The frame builder uses wet paint and said his decals (which he is supplying) are best used with wet paint and a liquid clear coat over top. Does this actually mean that his decals 'won't work' if I powdercoat the frame? Or that the edges will become tatty over time? He said that liquid clear coat could not be applied on powdercoat, as it would not properly adhere.

I would like to use powdercoat because it is tough and cheap, but also really want the decals to go on - there's something about naked frames that irks me.

I do have a highend custom frame builder who does fancy wet paint in my neck of the woods, so this is also a possibility, but at a much higher cost, of course. ($350 + shipping vs $150 + no shipping)
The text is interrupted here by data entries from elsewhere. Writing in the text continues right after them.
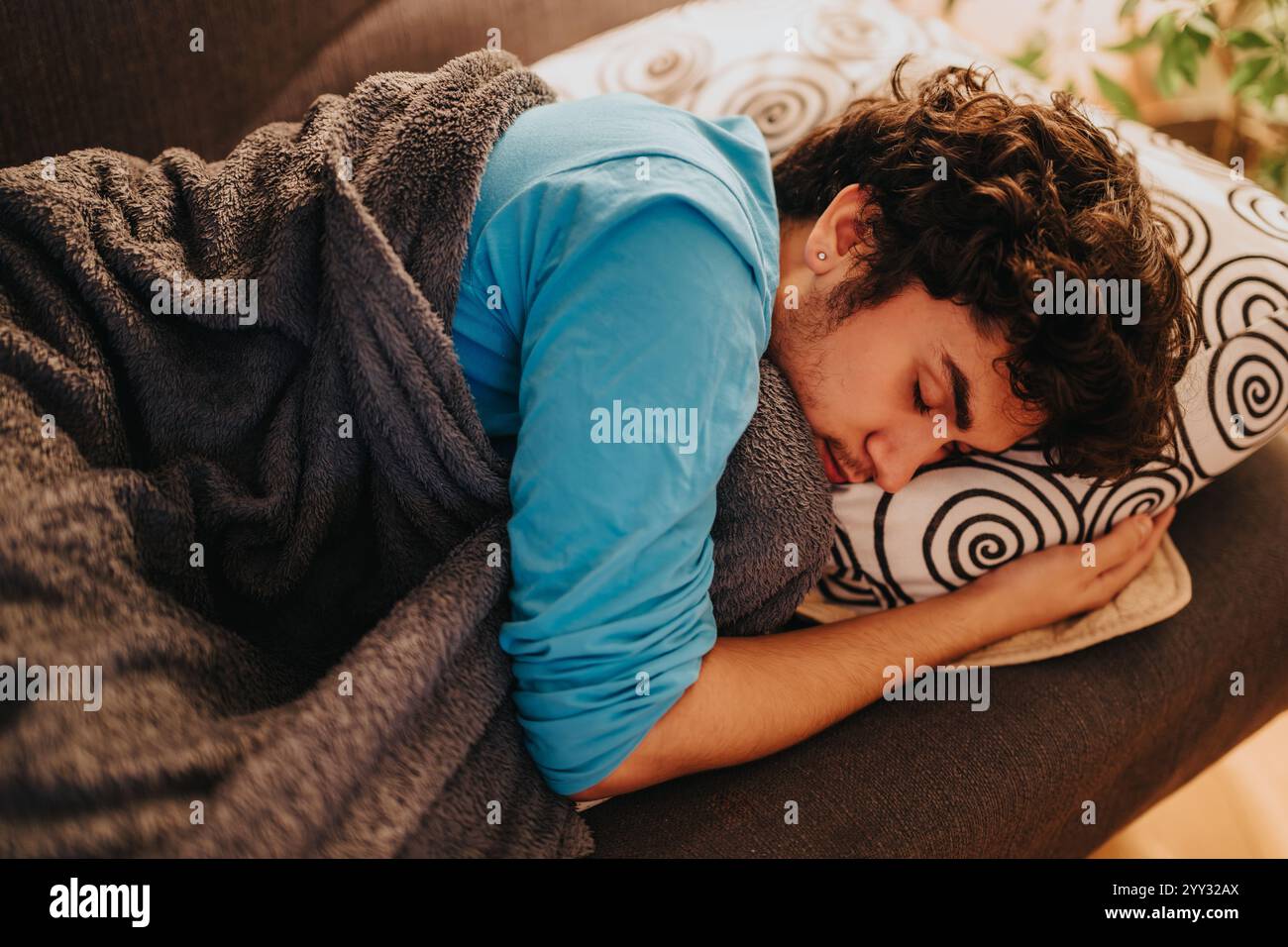 Young man sleeping peacefully on a comfortable couch at home Stock Photo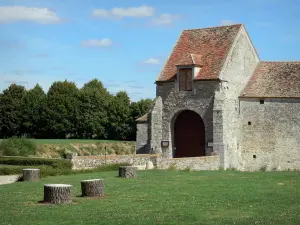 Fief des Epoisses stronghold - Entrance to the old medieval fortified farm, lawns and trees; in the town of Bombon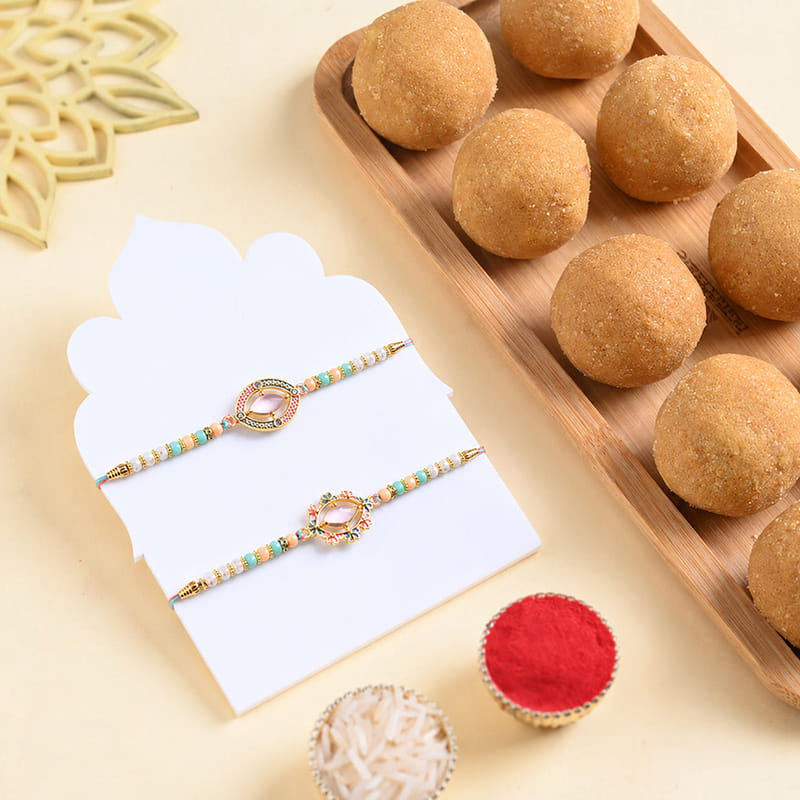 Set of 2 Designer Rakhis With Besan Ladoo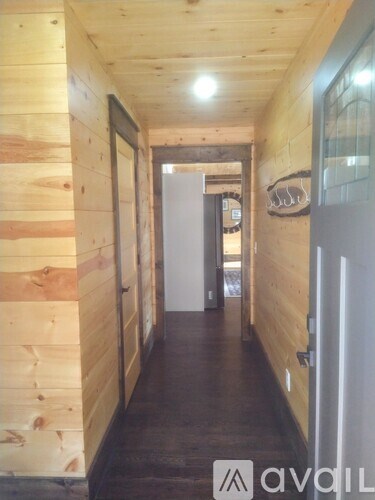 A long hallway with wood paneling and a white door at the end.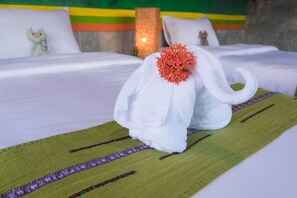 A bed with a white blanket and a decorative towel shaped like an elephant with a red flower on its back. - Baan Chokdee Pai Resort (Pai)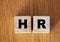 HR abbreviation on wooden blocks. Human Resources career business concept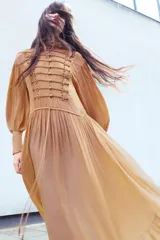 Vestido largo de viscosa en color tostado, con cuello subido y manga larga terminada en puño. Cuenta con cintura ajustable con lazadas, forro interior, bajo evasé y cierre frontal con alamares y botones.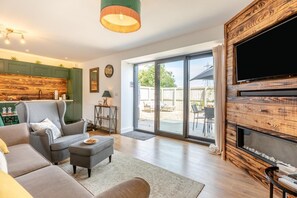 A modern living room with a sofa, a coffee table, and a fireplace. There is a large window and a sliding glass door leading to a patio. - 2 Bed in Harracott (oc-m29831) (Harracott)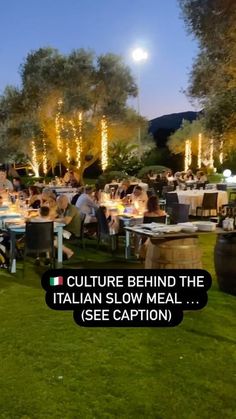 people sitting at tables in the middle of an open field with trees and lights behind them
This is a budget job. What to do? Any advice?

Gsinill
08-26-2014, 04:39 PM
Did some research on clear coating over decals a little while ago and came across this thread on mtbr.com (http://forums.mtbr.com/general-discussion/clear-coat-over-decals-into-fresh-powder-coated-frame-795821.html).
Looks like some good info on what you are trying to do but probably not what you would like to hear...

Craig Ryan
08-26-2014, 06:41 PM
Those decals are not meant to be applied on top and will not last.

Vientomas
08-26-2014, 06:56 PM
I had a frame powder coated, decals applied and clear coated with "wet" paint. No problems for me.

Peter P.
08-26-2014, 07:07 PM
Certain decals are meant for wet paint. They apply like model car decals-wet transfer. They are not durable; remember the old steel Pinarellos? A clear coat is necessary to provide durability to the decals.
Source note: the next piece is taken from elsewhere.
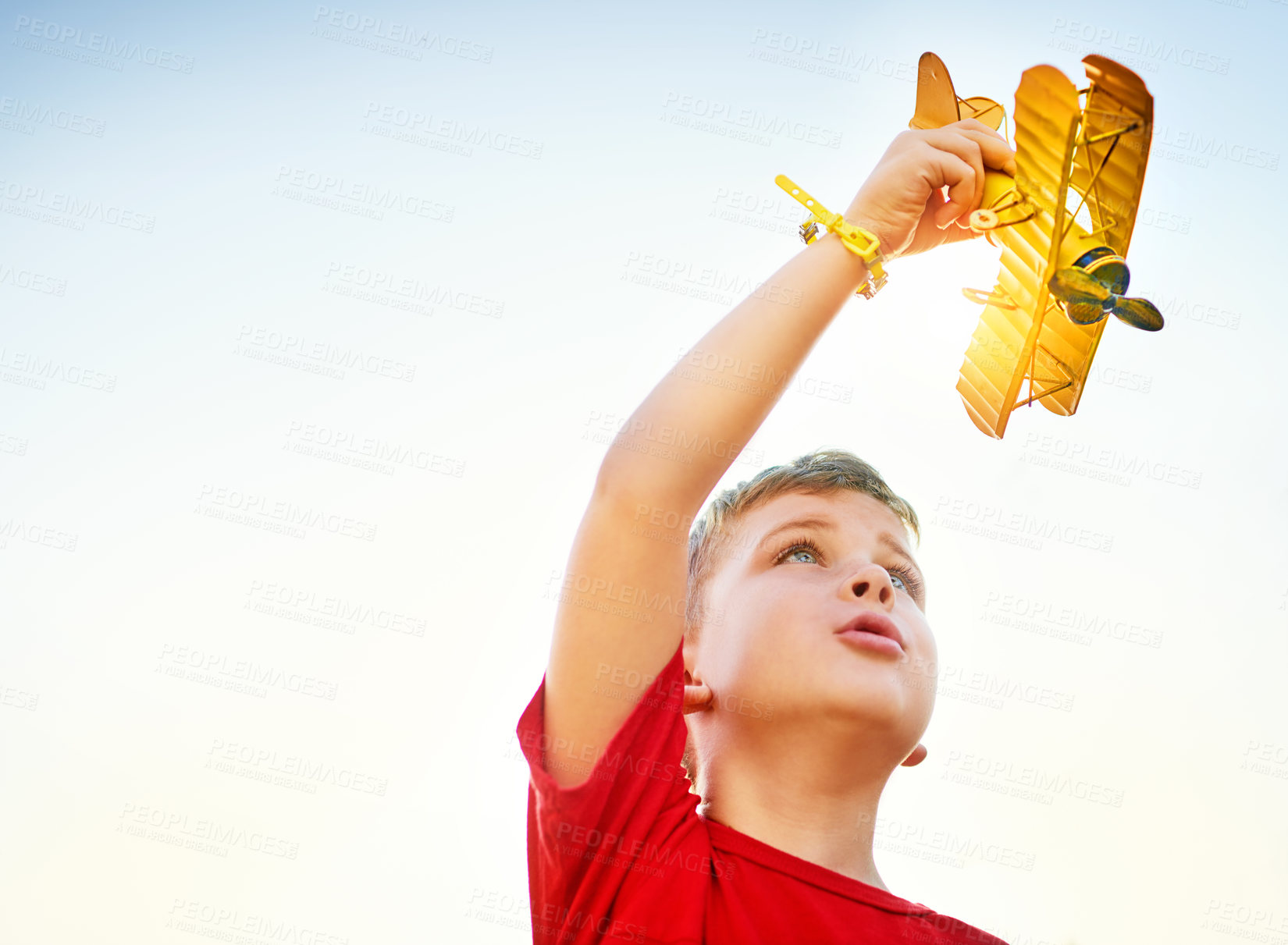 Buy stock photo Shot of a little boy playing with a toy plane outdoors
I don't know about wet clear coat over powdercoat, but I'm inclined to believe your painter's opinion.

There are certain decals which will work with powdercoat, and you can powdercoat clear over that, but the decals have to be compatible with powdercoat clear. My Rock Lobster has a matte clear finish over the decals.
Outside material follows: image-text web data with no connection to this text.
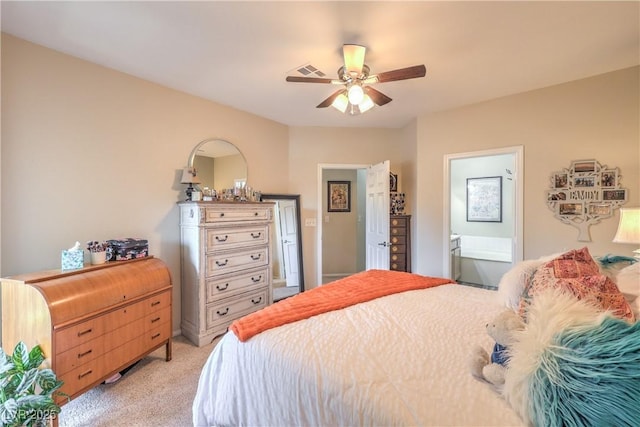 2050 W Warm Springs Rd Unit 1923, Henderson, NV 89014 - bedroom with light colored carpet, a ceiling fan, and ensuite bathroom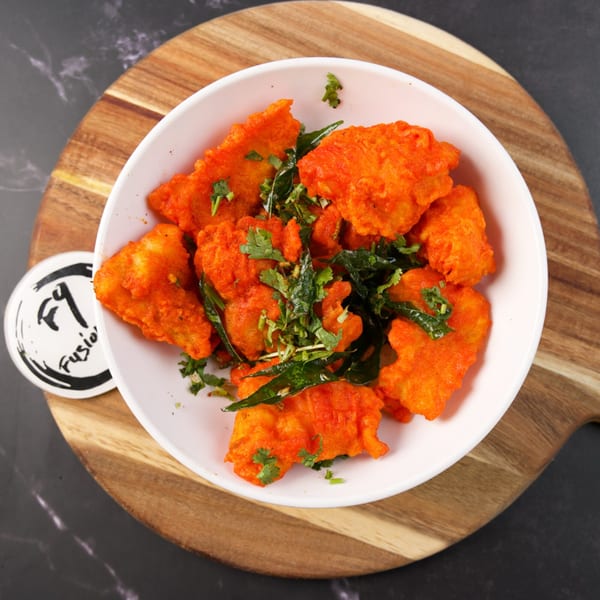 Bright orange fried chicken pieces, garnished with green herbs, in a white bowl on a wooden board.
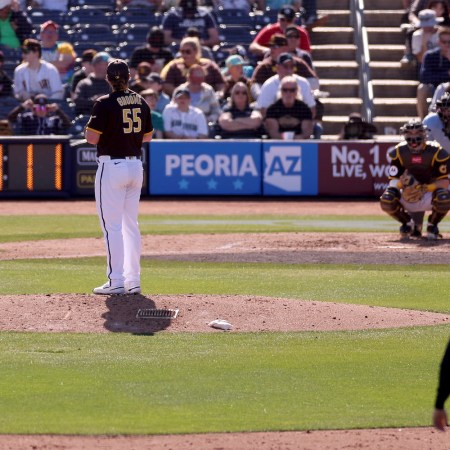 A pitch clock counts down as Jay Groome #55 of the San Diego Padres prepares to deliver a pitch to Eugenio Suarez #28 of the Seattle Mariners during the sixth inning in a spring training game at Peoria Stadium on February 24, 2023 in Peoria, Arizona.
For powdercoated frames that aren't clearcoated, there are durable decals that are merely self-adhesive, Like on my Soulcraft.

Your problem is trying to have all you want on a budget. I don't see it happening. I also agree that frames without decals look naked.

Craig Ryan
08-26-2014, 07:10 PM
I had a frame powder coated, decals applied and clear coated with "wet" paint. No problems for me.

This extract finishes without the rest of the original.